Tremella dysenterica

Scientific classification
- Kingdom: Fungi
- Division: Basidiomycota
- Class: Tremellomycetes
- Order: Tremellales
- Family: Tremellaceae
- Genus: Tremella
- Species: T. dysenterica
- Binomial name: Tremella dysenterica Möller (1895)

= Tremella dysenterica =

- Authority: Möller (1895)

Species of fungus

Tremella dysenterica is a species of fungus in the family Tremellaceae. It produces bright yellow, red-spotted, lobed to subfrondose, gelatinous basidiocarps (fruit bodies) and is parasitic on other fungi on dead branches of broad-leaved trees.

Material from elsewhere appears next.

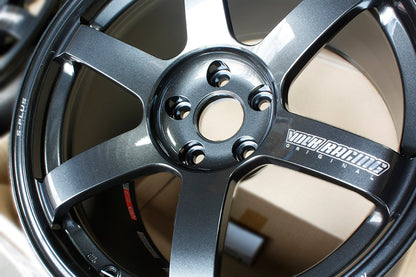 Rays TE37 Saga S-Plus 18" 18x9.5 18x10.5 5x112 Dark Gunmetal Wheel for GR Supra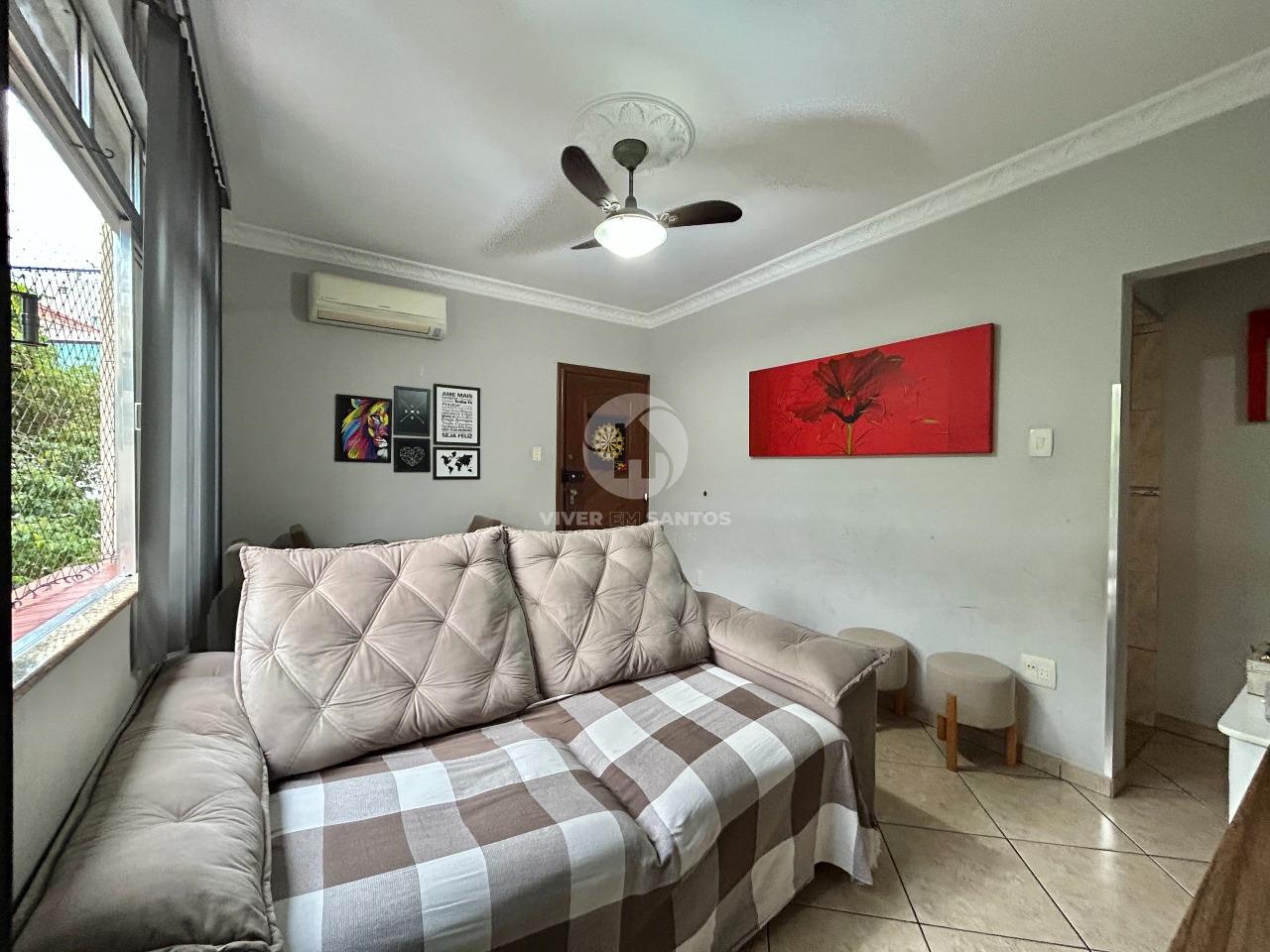 Apartamento com 2 quartos à venda no bairro do Embaré- Santos em Embaré, Santos — foto 2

It was originally described from Brazil and has been recorded elsewhere in the neotropics and in Africa.

== Taxonomy ==
Tremella dysenterica was first published in 1895 by German mycologist Alfred Möller based on a collection made in Brazil.

== Description ==
Fruit bodies are gelatinous, bright watery-yellow to deep yellow with orange to scarlet spots and streaks, up to 4 cm (1.5 in) across, and lobed to weakly frondose. Microscopically, the basidia are tremelloid (ellipsoid, with oblique to vertical septa), 4-celled, 14 to 18 by 8 to 12 μm. The basidiospores are ellipsoid, smooth, 5.5 to 8.5 by 4 to 5.5 μm.

== Similar species ==
Tremella rubromaculata, described from Guatemala without reference to T. dysenterica, appears macroscopically very similar but differs microscopically in having larger basidiospores (8 to 10.5 by 6 to 8 μm) and basidia.

== Habitat and distribution ==
Tremella dysenterica is a parasite on lignicolous fungi, but its host species is unknown, though collections have been noted on pyrenomycetes. It is found on dead, attached or fallen branches of broad-leaved trees.

The species is currently known from Brazil, Belize, and Cameroon.